BM : On reste en effet perplexe, et l’on pourrait hésiter entre deux interprétations de ce réquisitoire. La première est assez triviale : peu importe, au fond, le chef d’inculpation pourvu que l’on fasse taire un gêneur ; dans ce cas, lui imputer ce qui lui répugne est encore le meilleur choix, et le pouvoir montrera d’autant mieux sa force qu’il réussira à imposer un motif plus absurde. Isoler la première phrase du contexte qui rend son ironie évidente (annonce de la visite de Manuel Valls – dont les propos sur le marché d’Évry sont bien connus –, seconde partie du message mettant vigoureusement les points sur les i) devient alors un stratagème pour tenter de justifier l’injustifiable. Ainsi l’université qui avait d’abord suggéré à la justice de me poursuivre pour outrage, est finalement venue corroborer le chef d’inculpation de provocation à la haine raciale…

Mais il y a peut-être plus grave intellectuellement : en refusant de prendre en compte le contexte dans lequel les propos incriminés ont été formulés, le procureur a laissé entendre, si je l’ai bien compris, que leur simple énonciation, même distanciée, pouvait être constitutive d’un délit (en d’autres termes, que mon message pourrait être délictueux même s’il est reconnu comme ironique) ; en poussant cette logique jusqu’au bout, on ne pourrait donc plus citer des propos racistes sans devenir soi-même raciste. Pour reprendre l’exemple frappant d’un collègue, quiconque citera Mein Kampf, fût-ce dans un article scientifique, devra être ipso facto considéré comme un émule d’Hitler. Davantage : condamner explicitement le racisme serait déjà être raciste (par exemple employer le mot « antisémite » pour dénoncer les antisémites serait déjà du racisme parce que cela suppose que l’on envisage la possibilité de faire une différence entre les Juifs et les autres) ; on plonge là dans des abîmes d’obscurantisme et de confusionnisme. Pratiquement, la seule solution serait en effet de ne rien dire du tout. Alors que je tiens, bien sûr, que le combat contre ces idées nauséeuses doit d’abord se mener avec des mots, comme Pierre Vidal-Naquet en a fait la magistrale démonstration dans Les Assassins de la mémoire, en démolissant méthodiquement les thèses négationnistes. Dans la logique paradoxale de mon accusateur, son ouvrage pourrait être lui-même taxé de négationnisme !

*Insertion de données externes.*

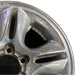 17" LEXUS GX470 05-09 17x7.5 alloy 5 spoke chrome Original OEM Wheel Rim - Side Profile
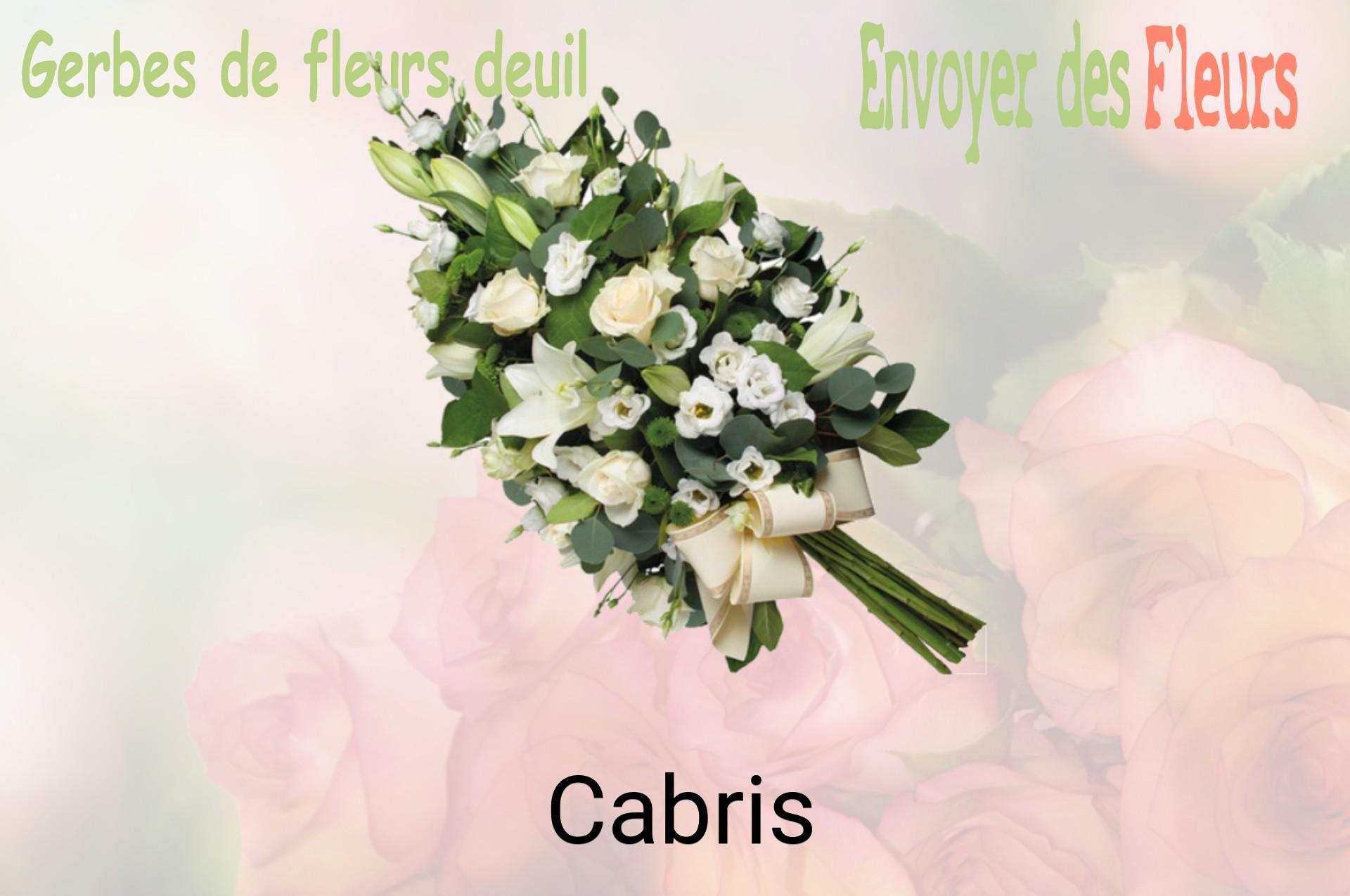 Gerbe de fleurs de deuil livrée à Cabris
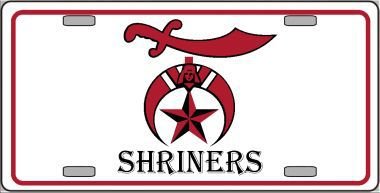 Smart Blonde LP-2486 Shriners Logo Metal Novelty License Plate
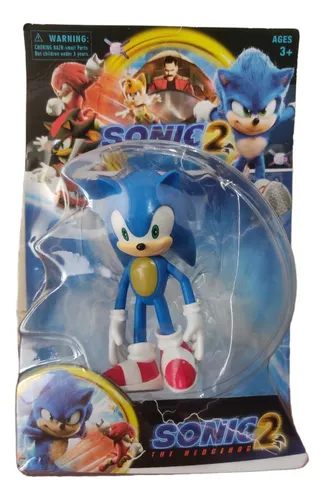 Sonic Figura 06 Cm Articulado The Hedgehog Con Vehiculo de Metal - wabro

RP : Vous avez dit avoir été stupéfait par ces poursuites. Elles sont effectivement inédites dans l’université où l’exercice libre de la pensée et de la parole n’était pas seulement un droit ou un principe, mais même, officiellement du moins, ce qu’un enseignant avait le devoir de transmettre à son auditoire, y compris au moyen de l’ironie, qui est l’un de ces registres de discours qu’on enseigne aux éléments de collège et de lycée en cours de français. Mais en même temps, nombre de travailleurs de l’université subissent la répression, directe ou larvée, en particulier les personnels biatoss, ou encore les syndicalistes, et ce n’est pas nouveau. Quelle est la nature du cap qui, selon vous, vient d’être franchi ?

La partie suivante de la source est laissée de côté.